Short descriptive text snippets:
··········

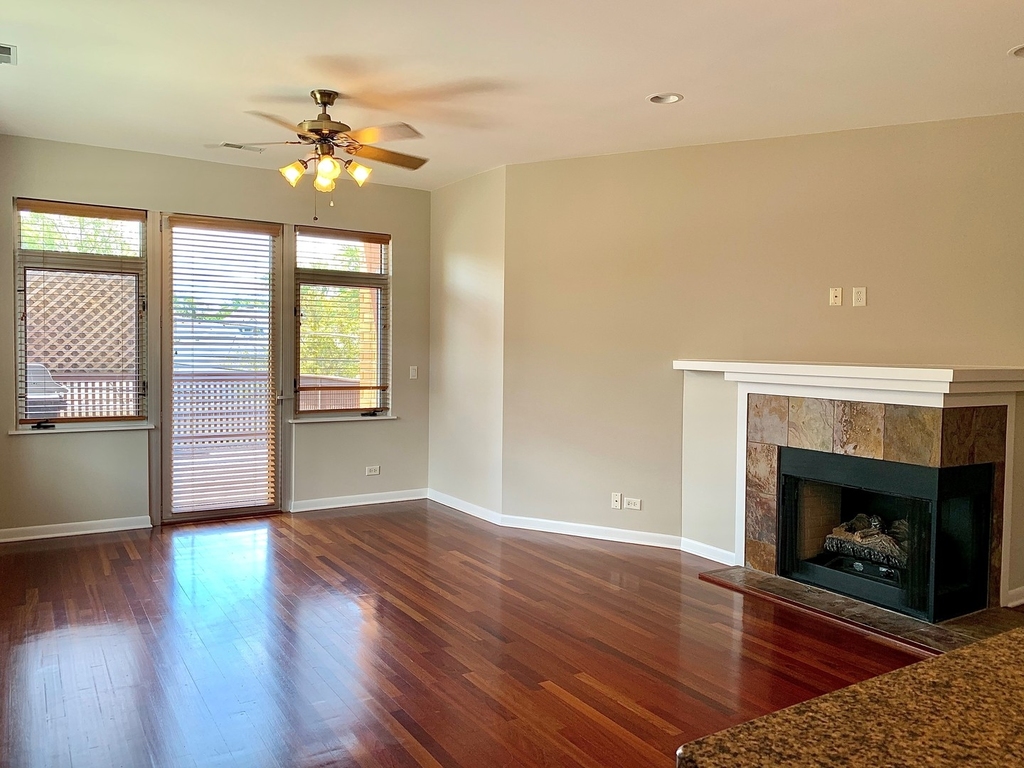 4770 North Manor Avenue - Photo 3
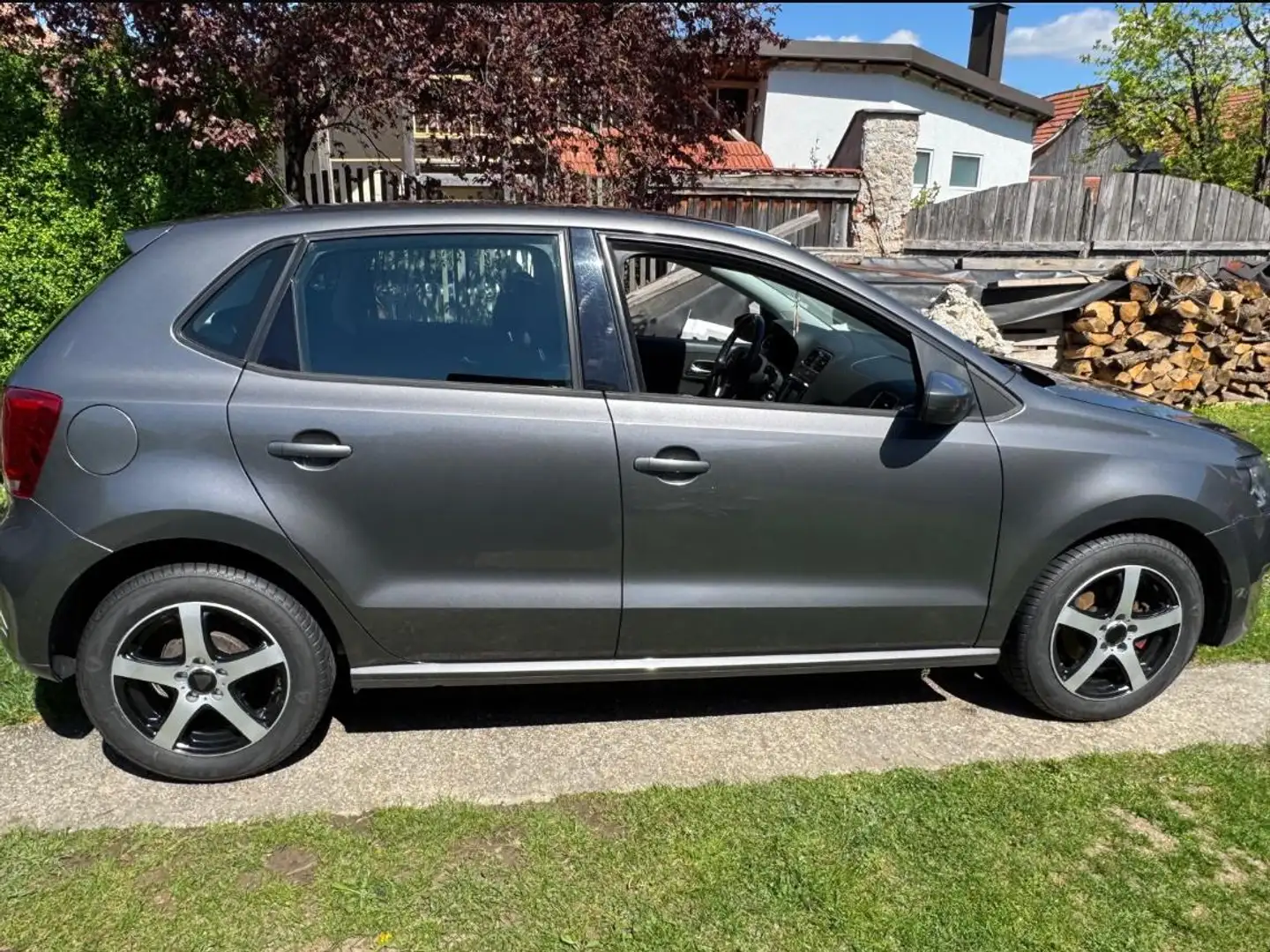 Volkswagen Polo Polo Comfortline 1,2 TDI DPF Comfortline Grau - 2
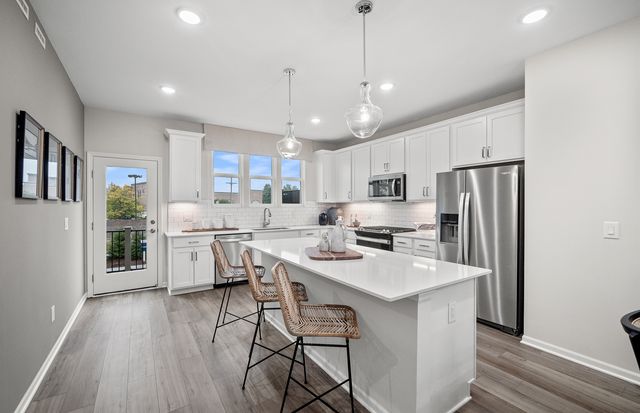 240 Warren Lane 11348, Schaumburg, IL 60193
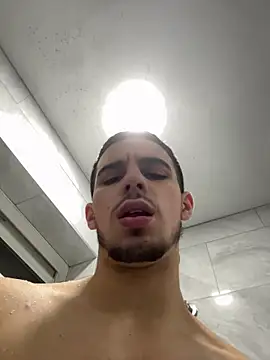 daddyshomeee  online show from March 27, 2026, 2:28 am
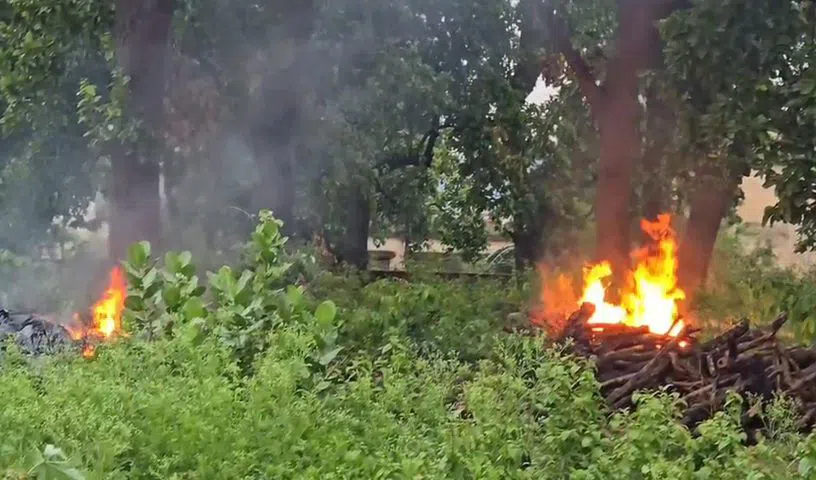 माओवादी नेता का अंतिम संस्कार, परिवार को नहीं दी गई सूचना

··········

What to work on: Could you set down, exactly as written, every line from the one with "Volkswagen Polo Polo" to the end of the data, both ends included? Leave out the pictures.

Solution:
 Volkswagen Polo Polo Comfortline 1,2 TDI DPF Comfortline Grau - 2
 240 Warren Lane 11348, Schaumburg, IL 60193
 daddyshomeee  online show from March 27, 2026, 2:28 am
 माओवादी नेता का अंतिम संस्कार, परिवार को नहीं दी गई सूचना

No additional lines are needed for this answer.